A note on push vs pull in a Linux world

When I started to work on containers, I was wondering how we could update a load balancer configuration dynamically based on actual system state. A common strategy, which works, it to let the container orchestrator trigger a load balancer configuration update whenever it starts a container and then let the load balancer poll the container until some health check passes. It may be a simple “SYN” test.

While this configuration works, it has the downside of making your load balancer waiting for some system to be available while it should be… load balancing.

Can we do better?

When you want a program to react to some change in a system there are 2 possible strategies. The program may poll the system to detect changes or, if the system supports it, the system may push events and let the program react to them. Wether you want to use push or poll depends on the context. A good rule of the thumb is to use push events when the event rate is low with respect to the processing time and switch to polling when the events are coming fast or the system may become unusable. For example, typical network driver will wait for events from the network card while frameworks like dpdk will actively poll the card for events to achieve the highest throughput and lowest latency.

In an ideal world, we’d have some kernel interface telling us:

  • “Hey Mr. ContainerManager, I’ve just created a socket for the Nginx-ware of container servestaticfiles, maybe you want to update your state?”
  • “Sure Mr. OS, Thanks for letting me know”

While Linux has a wide range of interfaces to deal with events, up to 3 for file events, there is no dedicated interface to get socket event notifications. You can get routing table events, neighbor table events, conntrack events, interface change events. Just, not socket events. Or maybe there is, deep hidden in a Netlink interface.

Ideally, we’d need a generic way to do it. How?

Kernel tracing and eBPF, a bit of history

Until recently the only way was to patch the kernel or resort on SystemTap. SytemTap is a tracing Linux system. In a nutshell, it provides a DSL which is then compiled into a kernel module which is then live-loaded into the running kernel. Except that some production system disable dynamic module loading for security reasons. Including the one I was working on at that time. The other way would be to patch the kernel to trigger some events, probably based on netlink. This is not really convenient. Kernel hacking come with downsides including “interesting” new “features” and increased maintenance burden.
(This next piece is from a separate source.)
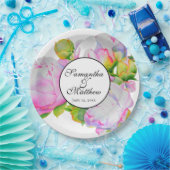 Elegante roze witte waterverf pioenroos bloemen papieren bordje (Feest)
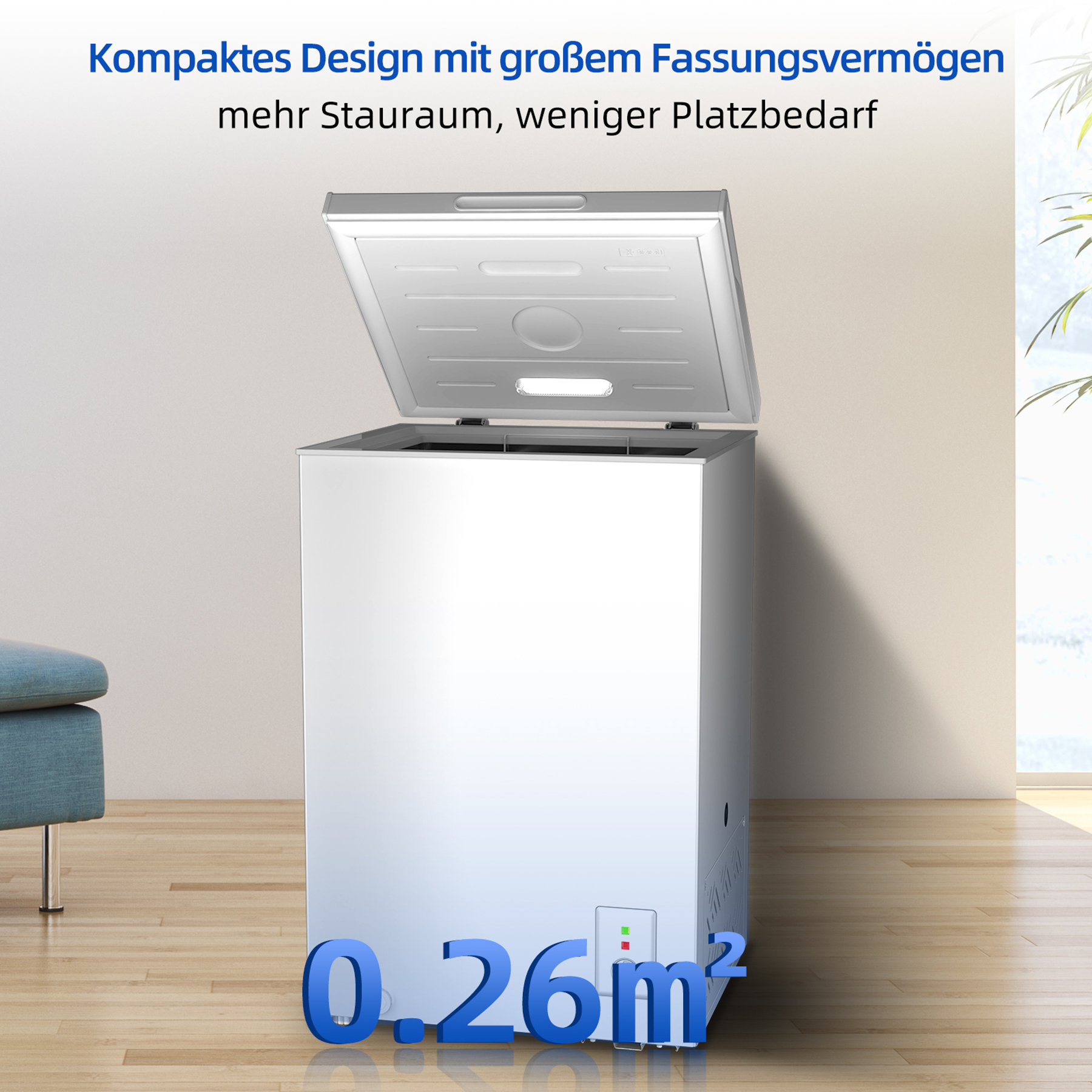 Eine weiße Truhengefriertruhe mit geöffnetem Deckel, Innenansicht, Größe 0,26 m².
Hopefully, starting with Linux 3.15 the ground was laid to safely transform any traceable kernel function into userland events. “Safely” is common computer science expression referring to “some virtual machine”. This case is no exception. Linux has had one for years. Since Linux 2.1.75 released in 1997 actually. It’s called Berkeley Packet Filter of BPF for short. As its name suggests, it was originally developed for the BSD firewalls. It had only 2 registers and only allowed forward jumps meaning that you could not write loops with it (Well, you can, if you know the maximum iterations and you manually unroll them). The point was to guarantee the program would always terminate and hence never hang the system. Still not sure if it has any use while you have iptables? It serves as the foundation of CloudFlare’s AntiDDos protection.

OK, so, with Linux the 3.15, BPF was extended turning it into eBPF. For “extended” BPF. It upgrades from 2 32 bits registers to 10 64 bits 64 registers and adds backward jumping among others. It has then been further extended in Linux 3.18 moving it out of the networking subsystem, and adding tools like maps. To preserve the safety guarantees, it introduces a checker which validates all memory accesses and possible code path. If the checker can’t guarantee the code will terminate within fixed boundaries, it will deny the initial insertion of the program.

For more history, there is an excellent Oracle presentation on eBPF.

Let’s get started.

Hello from from inet_listen

As writing assembly is not the most convenient task, even for the best of us, we’ll use bcc. bcc is a collection of tools based on LLVM and Python abstracting the underlying machinery. Probes are written in C and the results can be exploited from python allowing to easily write non trivial applications.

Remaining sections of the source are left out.